Bu konuda bir kez daha çevre için mücadele eden herkese çok teşekkür ediyorum.
Çanakkale halkıyla birlikte inanılmaz bir mücadele verildi. O ve mücadele sonucunda Alamos Gold'un Kirazlı Balaban mevkindeki projesi durduruldu. Tabii bu süreçte de yüz binlerce ağaç kesildi.
O bölge, o alan ne hale geldi? Hepimizin içi yandı ama sonuçta o proje, verilen mücadele sonunda durduruldu.
Şimdi yıl 2025. Bugün tekrar o proje başka bir altın madeni şirketine devredilerek, şirketler arasında ön protokoller imzalanarak tekrar hayata geçirilmek isteniyor.
Hatırlayın, 2021 yılında dönemin Orman Bakanının verdiği sözler vardı. Burayı rehabilite edeceğiz, ıslah edeceğiz, tekrar toprakla ağaçla buluşturacağız ve ekosisteme kazandıracağız denildi.
Bugün gelinen noktada, tekrar proje hayata geçirilmek isteniyor.
Bütüncül olarak baktığımızda Atikhisar Barajı'mızın hemen dibinde Koza Madencilik, ki onun daha ÇED raporu yayınlanmadı ama o proje de hayata geçirilmek isteniyor.
Bütün bu projelere baktığımızda su kaynaklarımız ciddi tehdit altında.
Atıkhisar Barajı'mız, Bayramiç Barajı'mız ciddi tehdit altında.
Çünkü bu projeler, teknik uzmanları çok daha iyi biliyor; asit kaya madenciliği dediğimiz bu metalik madencilik, suyu yok eden ve suyu tüketen bir madencilik. Bugün Çanakkale'mizde de dünyada da en önemli mesele aslında su. Birçok köyümüzde su yok. Su kuyuları kurudu.
Tarımsal sulamada ciddi sorunlar var. Temiz içilebilir su kaynaklarına ulaşmak artık eskisi kadar kolay değil. Bin Pınarlı İda'yı yok etmek, bu coğrafyaya ihanettir. Tarihe, kültüre, geleceğe ihanettir.
Her zaman Altını çizerek vurguladığımız bir şey var. Ekosistem hakkı. Gelecek nesillerin hakkı. Biz onlara nasıl bir çevre bırakacağız? Onların sağlıklı bir çevrede doğup büyüme hakları var.
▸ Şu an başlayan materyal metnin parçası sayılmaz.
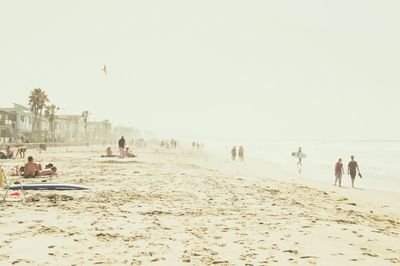 People enjoying at beach against sky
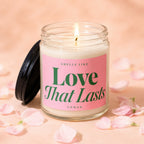 Lit candle in a glass jar with a pink label reading "Smells Like Love That Lasts Vowed".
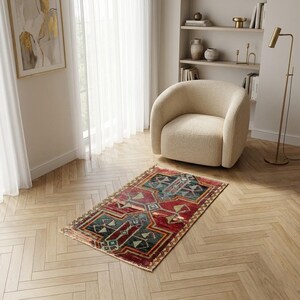 Puede incluir: Una alfombra rectangular con un complejo patrón geométrico en tonos rojo intenso, verde azulado y crema. La alfombra tiene una textura desgastada con flecos visibles en los bordes cortos, mostrando un diseño simétrico con motivos lineales.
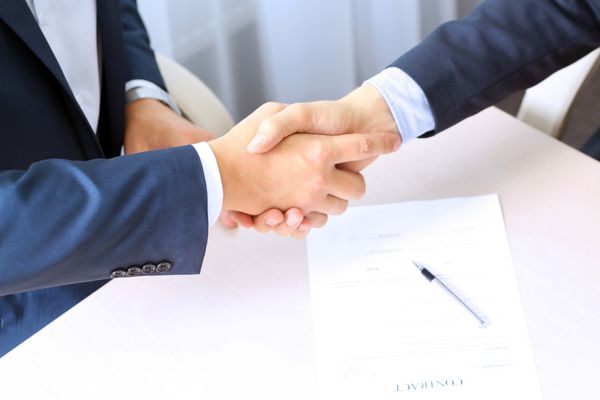 تصویری نزدیک از یک روابط شرکتی بین دو همکار پس از امضای قرارداد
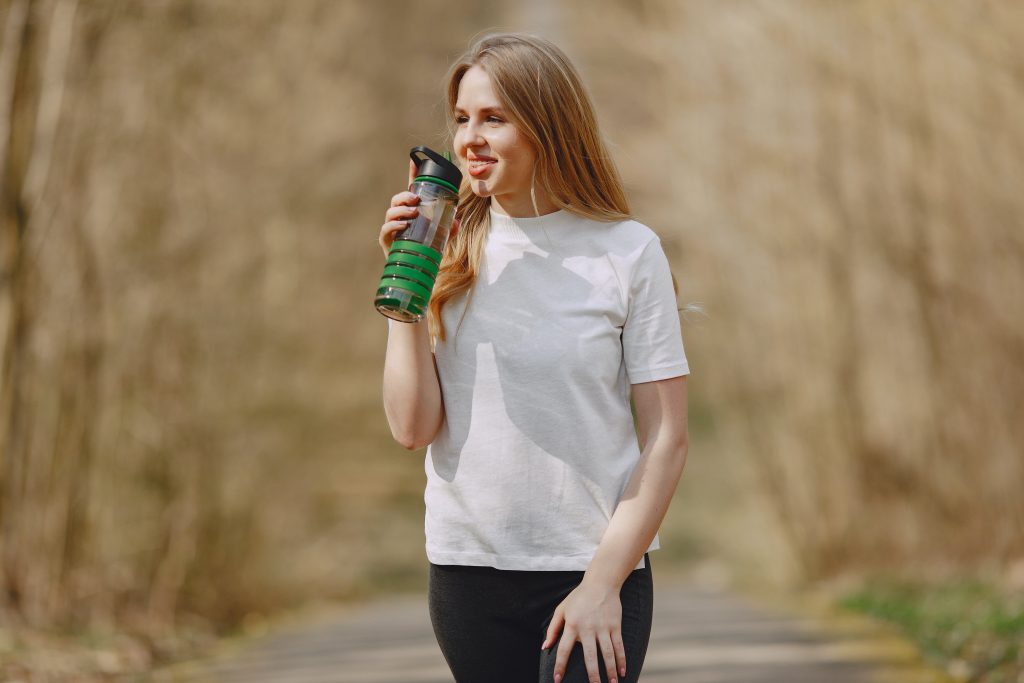 woman drinking water from bottle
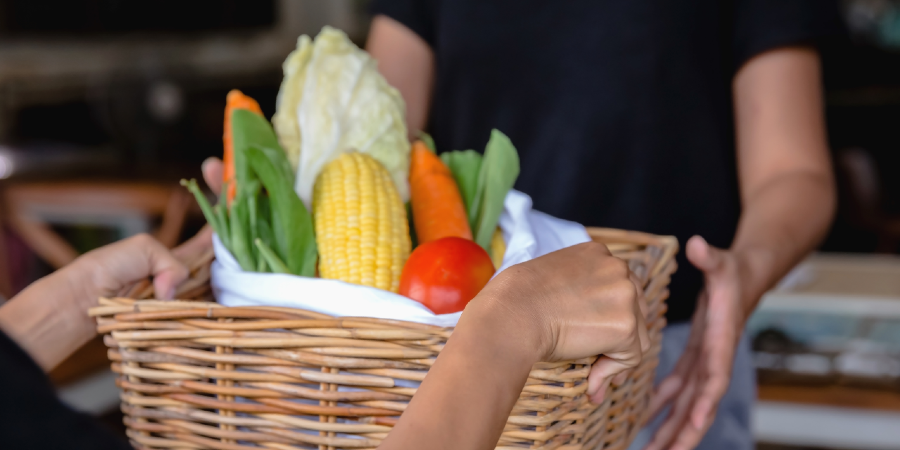 Person handing a food hamper to an elderly person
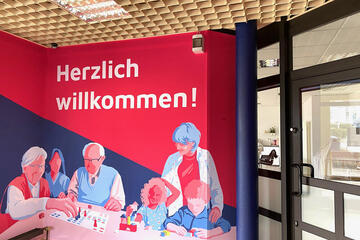 Ein großes Wandbild mit Illustrationen von Menschen verschiedenen Alters und der Aufschrift "Herzlich willkommen" begrüßt die Gäste im Begegnungsraum Liederbach.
Gelecek nesillerin haklarını yok ediyorlar ve birkaç şirket uğruna özel düzenlemelerle bunu gerçekleştiriyorlar. Ama hiç kimse unutmasın ki, Çanakkale 'de bu mücadele kararlılıkla devam edecek.
Herkesin bir kez daha düşünmesini istiyoruz. O bölgeyi rehabilite edin. Tekrar ekosisteme kazandırın. Bu projeyi yeniden canlandırmaya teşebbüs etmeyin. Bu alanı devralmak isteyenlerin de bin kere düşünmesini öneriyoruz.
Çanakkale'de Çanakkale Su zirvesi yapıldı.
Su zirvesinde üniversitemizden, meslek odalarından önemli uzmanlar da çalıştı. Bizim ilgili arkadaşlarımız da belli çalışmalarda yer aldı. Bu su zirvesinin taslak raporunda bazı çok önemli cümleler yer aldı.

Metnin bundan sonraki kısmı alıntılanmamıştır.